* **TASK INPUT**:
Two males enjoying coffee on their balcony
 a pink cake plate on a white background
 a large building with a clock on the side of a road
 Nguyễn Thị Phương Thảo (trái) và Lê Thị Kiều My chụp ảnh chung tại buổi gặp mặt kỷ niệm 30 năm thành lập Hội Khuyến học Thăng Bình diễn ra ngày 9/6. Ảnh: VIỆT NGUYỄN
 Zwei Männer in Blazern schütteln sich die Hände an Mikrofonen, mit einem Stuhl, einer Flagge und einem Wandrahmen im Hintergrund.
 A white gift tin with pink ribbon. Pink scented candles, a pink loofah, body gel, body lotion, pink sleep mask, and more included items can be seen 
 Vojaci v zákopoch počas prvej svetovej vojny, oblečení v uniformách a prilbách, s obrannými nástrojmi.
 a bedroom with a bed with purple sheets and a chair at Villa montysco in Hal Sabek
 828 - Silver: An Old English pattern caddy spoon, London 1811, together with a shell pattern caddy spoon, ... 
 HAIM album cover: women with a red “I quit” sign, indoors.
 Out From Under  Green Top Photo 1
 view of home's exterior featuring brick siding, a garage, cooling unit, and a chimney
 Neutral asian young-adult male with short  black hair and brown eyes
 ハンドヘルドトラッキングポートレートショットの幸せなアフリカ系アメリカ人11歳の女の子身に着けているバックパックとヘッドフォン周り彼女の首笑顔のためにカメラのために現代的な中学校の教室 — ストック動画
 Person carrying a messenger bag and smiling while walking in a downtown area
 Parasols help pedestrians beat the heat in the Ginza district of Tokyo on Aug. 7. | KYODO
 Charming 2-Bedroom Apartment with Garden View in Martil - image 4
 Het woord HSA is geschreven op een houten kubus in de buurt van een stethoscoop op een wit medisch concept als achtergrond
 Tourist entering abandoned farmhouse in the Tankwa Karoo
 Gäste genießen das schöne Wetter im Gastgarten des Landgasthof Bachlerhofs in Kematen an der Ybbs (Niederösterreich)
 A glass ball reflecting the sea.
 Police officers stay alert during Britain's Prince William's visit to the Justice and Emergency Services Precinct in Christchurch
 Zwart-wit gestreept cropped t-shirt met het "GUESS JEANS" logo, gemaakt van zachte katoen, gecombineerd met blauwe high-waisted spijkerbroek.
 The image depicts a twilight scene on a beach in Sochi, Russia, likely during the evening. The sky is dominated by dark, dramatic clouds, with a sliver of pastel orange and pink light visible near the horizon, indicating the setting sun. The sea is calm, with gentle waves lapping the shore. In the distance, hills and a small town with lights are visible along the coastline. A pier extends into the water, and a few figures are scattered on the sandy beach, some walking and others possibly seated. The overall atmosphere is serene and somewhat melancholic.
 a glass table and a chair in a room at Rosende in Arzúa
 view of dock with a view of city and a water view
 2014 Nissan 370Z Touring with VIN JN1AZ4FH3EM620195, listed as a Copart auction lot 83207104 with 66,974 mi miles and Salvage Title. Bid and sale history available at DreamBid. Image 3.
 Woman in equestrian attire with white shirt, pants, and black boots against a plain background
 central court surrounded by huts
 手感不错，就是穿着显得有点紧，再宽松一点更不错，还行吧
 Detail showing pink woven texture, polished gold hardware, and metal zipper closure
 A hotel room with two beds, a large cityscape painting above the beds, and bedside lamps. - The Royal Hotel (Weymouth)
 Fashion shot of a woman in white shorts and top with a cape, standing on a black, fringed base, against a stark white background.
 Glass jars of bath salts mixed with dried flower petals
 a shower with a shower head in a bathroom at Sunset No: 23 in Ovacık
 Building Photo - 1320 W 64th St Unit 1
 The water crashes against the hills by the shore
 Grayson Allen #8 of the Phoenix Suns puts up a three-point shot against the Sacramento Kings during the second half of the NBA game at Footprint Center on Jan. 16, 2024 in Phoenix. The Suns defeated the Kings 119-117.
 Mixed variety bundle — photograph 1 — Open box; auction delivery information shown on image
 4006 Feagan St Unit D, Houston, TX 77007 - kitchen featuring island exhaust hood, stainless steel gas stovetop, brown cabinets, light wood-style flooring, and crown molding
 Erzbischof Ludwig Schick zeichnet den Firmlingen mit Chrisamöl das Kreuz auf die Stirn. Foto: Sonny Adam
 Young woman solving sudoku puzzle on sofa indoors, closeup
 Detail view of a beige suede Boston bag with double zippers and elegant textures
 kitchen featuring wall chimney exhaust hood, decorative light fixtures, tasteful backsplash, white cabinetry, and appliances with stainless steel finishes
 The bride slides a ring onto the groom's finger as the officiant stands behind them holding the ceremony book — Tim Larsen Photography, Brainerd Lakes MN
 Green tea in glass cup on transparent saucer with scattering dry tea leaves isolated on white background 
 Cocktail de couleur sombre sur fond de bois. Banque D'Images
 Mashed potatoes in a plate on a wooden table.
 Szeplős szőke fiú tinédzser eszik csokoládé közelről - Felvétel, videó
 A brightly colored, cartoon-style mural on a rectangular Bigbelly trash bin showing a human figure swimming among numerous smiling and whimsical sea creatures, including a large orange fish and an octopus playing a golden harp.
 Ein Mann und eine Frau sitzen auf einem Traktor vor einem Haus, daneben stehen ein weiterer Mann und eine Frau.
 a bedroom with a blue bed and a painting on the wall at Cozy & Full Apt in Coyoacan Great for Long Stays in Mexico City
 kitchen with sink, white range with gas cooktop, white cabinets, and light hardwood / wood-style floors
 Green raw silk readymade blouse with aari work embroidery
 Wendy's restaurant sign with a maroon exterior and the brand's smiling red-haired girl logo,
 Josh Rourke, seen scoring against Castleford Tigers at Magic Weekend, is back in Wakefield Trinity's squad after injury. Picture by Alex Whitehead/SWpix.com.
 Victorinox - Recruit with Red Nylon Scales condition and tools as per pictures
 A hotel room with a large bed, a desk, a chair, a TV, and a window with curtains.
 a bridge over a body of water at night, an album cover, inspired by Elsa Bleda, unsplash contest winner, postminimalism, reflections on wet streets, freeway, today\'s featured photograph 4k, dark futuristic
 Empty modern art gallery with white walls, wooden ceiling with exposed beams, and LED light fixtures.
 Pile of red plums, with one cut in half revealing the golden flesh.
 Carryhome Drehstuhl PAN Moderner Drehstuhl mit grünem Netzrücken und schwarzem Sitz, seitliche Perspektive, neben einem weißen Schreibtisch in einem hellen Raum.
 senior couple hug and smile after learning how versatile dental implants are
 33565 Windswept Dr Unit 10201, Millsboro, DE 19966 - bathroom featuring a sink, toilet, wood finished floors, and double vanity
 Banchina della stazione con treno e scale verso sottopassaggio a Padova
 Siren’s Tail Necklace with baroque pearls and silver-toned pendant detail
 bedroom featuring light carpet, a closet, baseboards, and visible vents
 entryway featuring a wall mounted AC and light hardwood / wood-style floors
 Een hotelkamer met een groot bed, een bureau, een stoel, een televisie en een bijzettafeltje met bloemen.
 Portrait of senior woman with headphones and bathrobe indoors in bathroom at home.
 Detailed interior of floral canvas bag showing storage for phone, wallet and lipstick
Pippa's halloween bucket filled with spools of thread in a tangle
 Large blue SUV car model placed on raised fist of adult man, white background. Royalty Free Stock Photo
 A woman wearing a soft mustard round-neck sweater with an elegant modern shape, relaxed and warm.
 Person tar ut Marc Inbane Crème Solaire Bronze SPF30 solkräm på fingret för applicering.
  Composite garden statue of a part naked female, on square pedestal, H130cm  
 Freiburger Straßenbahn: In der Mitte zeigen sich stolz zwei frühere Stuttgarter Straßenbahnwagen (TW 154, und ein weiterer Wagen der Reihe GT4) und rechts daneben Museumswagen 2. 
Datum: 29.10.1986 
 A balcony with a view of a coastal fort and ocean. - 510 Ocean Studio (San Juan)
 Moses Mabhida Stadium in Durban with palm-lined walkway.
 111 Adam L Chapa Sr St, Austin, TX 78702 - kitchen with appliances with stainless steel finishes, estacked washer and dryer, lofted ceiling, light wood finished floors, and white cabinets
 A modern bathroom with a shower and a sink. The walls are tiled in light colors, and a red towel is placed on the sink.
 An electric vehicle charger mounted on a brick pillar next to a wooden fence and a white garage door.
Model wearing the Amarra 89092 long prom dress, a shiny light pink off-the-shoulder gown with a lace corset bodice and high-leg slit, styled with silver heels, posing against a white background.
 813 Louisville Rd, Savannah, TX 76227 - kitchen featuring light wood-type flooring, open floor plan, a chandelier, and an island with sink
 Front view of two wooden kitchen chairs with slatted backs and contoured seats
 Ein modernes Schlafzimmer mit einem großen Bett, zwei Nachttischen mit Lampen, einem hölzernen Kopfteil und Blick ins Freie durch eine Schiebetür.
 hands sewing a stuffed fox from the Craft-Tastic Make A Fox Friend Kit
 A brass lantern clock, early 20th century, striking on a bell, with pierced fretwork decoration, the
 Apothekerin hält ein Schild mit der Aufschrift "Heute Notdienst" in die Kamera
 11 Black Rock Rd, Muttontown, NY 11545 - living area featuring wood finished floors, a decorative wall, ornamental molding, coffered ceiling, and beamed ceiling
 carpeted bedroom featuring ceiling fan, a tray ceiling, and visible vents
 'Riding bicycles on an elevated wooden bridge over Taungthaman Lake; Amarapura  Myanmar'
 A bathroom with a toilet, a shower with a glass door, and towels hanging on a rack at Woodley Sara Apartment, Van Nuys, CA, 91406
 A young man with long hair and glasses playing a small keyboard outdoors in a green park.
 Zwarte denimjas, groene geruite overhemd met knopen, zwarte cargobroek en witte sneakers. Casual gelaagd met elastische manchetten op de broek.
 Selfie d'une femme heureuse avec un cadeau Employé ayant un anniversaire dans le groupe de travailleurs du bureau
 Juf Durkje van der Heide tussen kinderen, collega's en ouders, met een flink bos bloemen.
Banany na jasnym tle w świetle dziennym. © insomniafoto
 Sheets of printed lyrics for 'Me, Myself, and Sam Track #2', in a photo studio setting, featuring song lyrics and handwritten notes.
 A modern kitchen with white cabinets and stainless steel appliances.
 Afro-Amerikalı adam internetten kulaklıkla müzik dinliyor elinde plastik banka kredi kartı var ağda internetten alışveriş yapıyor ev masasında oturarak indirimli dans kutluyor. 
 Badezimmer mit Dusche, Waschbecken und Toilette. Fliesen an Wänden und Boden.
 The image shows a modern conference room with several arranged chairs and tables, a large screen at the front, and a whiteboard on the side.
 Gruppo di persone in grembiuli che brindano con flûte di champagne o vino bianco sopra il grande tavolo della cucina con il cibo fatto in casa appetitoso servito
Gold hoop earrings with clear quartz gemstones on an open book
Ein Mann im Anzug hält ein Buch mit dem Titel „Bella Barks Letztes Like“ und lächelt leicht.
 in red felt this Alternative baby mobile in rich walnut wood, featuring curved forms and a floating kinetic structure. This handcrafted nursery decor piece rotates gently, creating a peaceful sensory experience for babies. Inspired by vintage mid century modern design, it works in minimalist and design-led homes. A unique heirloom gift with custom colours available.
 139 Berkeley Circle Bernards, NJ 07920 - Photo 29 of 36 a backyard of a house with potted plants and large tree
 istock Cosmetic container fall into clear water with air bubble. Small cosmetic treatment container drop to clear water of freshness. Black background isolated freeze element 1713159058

* **WHAT THIS TASK INVOLVES**: Only the lines containing the string "mounted" are needed; pull them out of the records.

* **SOLUTION BELOW**:
 entryway featuring a wall mounted AC and light hardwood / wood-style floors
 An electric vehicle charger mounted on a brick pillar next to a wooden fence and a white garage door.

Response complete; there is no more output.